シーズン2でボウイらに反旗を翻したファントム・リムが再びギルドに復讐をけしかける「リヴェンジ・ソサエティー」はロキシー・ミュージック時代のイーノまで出てきてムチャクチャです。
終盤のシナリオ「アシステッド・スーサイド」はラスティの魂へと入り込み、彼のタナトス、エロス、エゴ、イド、スーパーエゴら(上の写真)と対話するというVB流精神分析学が繰り広げられる屈指の怪シナリオである。
最後のエピソードはパルプの「Like a Friend」をバックに大団円。この展開はyoutubeにもアップされている。
狂いっぱなしの「アシステッド・スーサイド」に登場する面々


◆Season 5 (2013)

前シーズンから4年もの歳月を空けて作られたシーズン5は、今になって振り返ると伏線の回収に悩んでいたように見える。かと思えば、新たなシナリオの種をまいたりと大忙しだ。今シーズンからブルーレイが発売されるようになった。
O.S.I.がカラミタス・インテントの所在を突き止めるべく奔走するシナリオがいくつかの形で描かれるが、そこに新たな敵役インヴェスターズが登場する。不気味な黒と赤のストライプスーツをまとった初老の男三人組で、仕事仲間だったヴィラン・モンストロソ(過去のシーズンでO.S.I.に捕らえられてしまった)を処刑するなど、残虐かつ冷徹な性格が強調されたキャラクターだ。
カラミタス・インテントを形成する議会・カウンシル13への正体を探るため、ヴィランしか入れないナイトクラブに潜入するシナリオ「Bots Seeks Bots」は珍妙なエピソード。
モナークと縁を切ったヘンチマン21ことゲイリーはスフィンクス入隊を志望するが、そのスフィンクスは結局O.S.I.として再統合されるため、ゲイリーは孤軍奮闘することになる。最終的には住処にしていたモナークの要塞も破壊されてしまい、モナークとドクター・ガールフレンドらと一緒に、とあるオンボロ屋敷を根城に決めるのだった。
最後のシナリオ「デヴィルズ・グリップ」では、ディーンが自身の生い立ち(クローンの一人であること)に悩み、それを打ち明けられたハンクは自分がSFの主人公のようでかっこいいと、その事実を笑い飛ばす。自分たちがどこから来ようとも、目の前にいる家族や友人は変わらずに接してくれることを良しとして、シーズン5は終了するのであった。ジョナス・ヴェンチャーの盟友、アクションマン夫妻がビリー・クイズボーイを息子のように可愛がるなど、血の繋がりに縛られることのバカらしさを否定している・・・のだが、そこは素直な教条に落ち着くわけもなく、親の因果が子に報うこともしっかり描くのが『VB』。その辺りはシーズン4でくどいくらいに描かれているので、こうした終わり方に落ち着いたのだろうか。

◆Season 6 (2016)

シーズン6は1クールの放映がされる前に長尺のエピソードが公開された。
『All of this Galganture2』がそれで、この回でそれまでのストーリーはいったんの区切りがつけられた。シーズン6は舞台をニューヨークに移し、新たなシーズン1として作ったと『THE ART~』には書かれている。例えばシーズン4からボディガードを離脱したブロックは、再びヴェンチャー一家の身辺警護に復帰し、壊滅した元ヴェンチャー・インダストリーも同じくニューヨークに移ることで、より豪華な設備になった。ヴェンチャー兄弟は大学に行ったり、ヴィラン側の女性とイイ感じになったりして、青春のニューヨークを満喫・・・できるわけはなく、モナークなどの闖入に悩まされる毎日である。

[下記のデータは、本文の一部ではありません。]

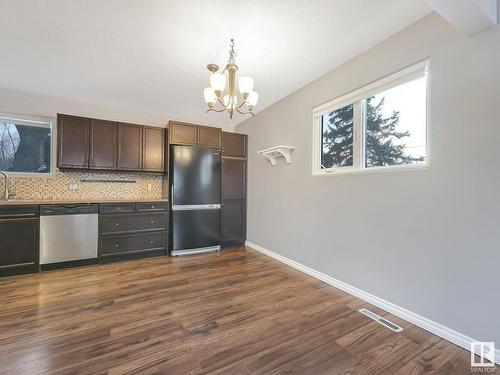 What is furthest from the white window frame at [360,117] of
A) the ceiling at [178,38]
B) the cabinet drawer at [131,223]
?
the cabinet drawer at [131,223]

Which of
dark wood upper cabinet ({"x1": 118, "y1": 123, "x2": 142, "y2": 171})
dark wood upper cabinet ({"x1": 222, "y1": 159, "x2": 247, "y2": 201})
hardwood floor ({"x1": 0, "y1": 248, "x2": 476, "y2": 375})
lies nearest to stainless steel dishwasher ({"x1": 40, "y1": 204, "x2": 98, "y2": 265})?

上でも少し触れたように、シーズン6からモナークとラスティの因縁を解き明かすフェーズに入った。犬猿の仲であるモナークとラスティだが、何故か幼少時の二人が遊んでいる写真が発見され、そこにはジョナス・ヴェンチャーと、モナークの両親らしき人物が写っていた。この父親の方こそ、シーズン6でキーとなるヒーロー、ブルー・モルフォで、モナークは自身の根城であった要塞が破壊されてしまった先で見つけた廃屋の地下に、モルフォの秘密基地を発見する。そこにあるホームビデオとブルー・モルフォの装備一式が、モナークとヘンチマン21ことゲイリーを導き、二人は新生ブルー・モルフォと、その助手ケーノとなるのだった。当然グリーン・ホーネットとカトーのパロディである。ブルー・モルフォとなったモナークはドクター・ガールフレンドに取り入って、新生カラミタス・インテントを牛耳ろうとするヴィラン、ワイド・ウェールらを暗殺しようと試みるが、最強のヴィランの一人に数えられるレッド・デスに睨まれるわ(のちに和解)、正体を知らないドクター・ガールフレンドに勘違いされて命を狙われるなどの大ピンチ。

シーズン6から登場するヴィラン、レッド・デス 左からケーノ、ブルー・モルフォ、ジョナス・ヴェンチャー

◆Season 7 (2018)

そして先日まで放映されていた最新シーズン。前期からシームレスに続いていく物語のようだ。部分的にアップロードされている本編をyoutubeでチラ見した程度なのだが、ドクター・ガールフレンド、ファントム・リム、ドクターZらが『All of this~』で解体してしまったカラミタス・インテントの再建を目指す一方で、モナークとゲイリーは自分たちを高レベルのヴィラン(お布施や、地位に見合う功績を積むことでランクアップできるのだそうだ)にするべく、ヴィランのトレーナーを買って出るなど大忙し。
しかし、もっとも衝撃的なのはラスティの父親であるジョナス・ヴェンチャーが有機コンピュータとして生き永らえ、ヴェンチャー・インダストリーのビル全体をパニックに陥れるエピソードだろう。暴走するジョナスを止めに入ったのは死んだはずのブルー・モルフォ、そしてその正体は・・・本編を見ている人が全くいないであろう、この場所で隠す意味はそれほどないのだが、ぜひとも本編をご覧いただきたい。というか、私も早くブルーレイが欲しい。

ヴィランを統べる総帥はボウイ(そのまんまの名前で登場) 



15年にも及ぶ歴史があるだけに、今更シーズン1からローカライズされる望みは薄い。ちなみに『リック・アンド・モーティ』はNetflixで日本語吹き替えが放映されているが、あちらはまだ始まって5年である。
『ニンジャ・タートルズ』みたいに歯抜けでも構わないので、なんとか輸入されないものだろうか?翻訳があまりにメンドくさいだろうから、TMNTのようなアドリブ台本だらけにされても興ざめですけどネ・・・。
それと、劇伴はFoetusことJG Thirlwellが一貫して担当しており、氏の素養と理想がギュッと詰め込まれた傑作スコアなので本編を見るより先に触れてみても良いくらいです。ジャクソンとドクによる往年のロック名曲のオマージュも捨てがたい。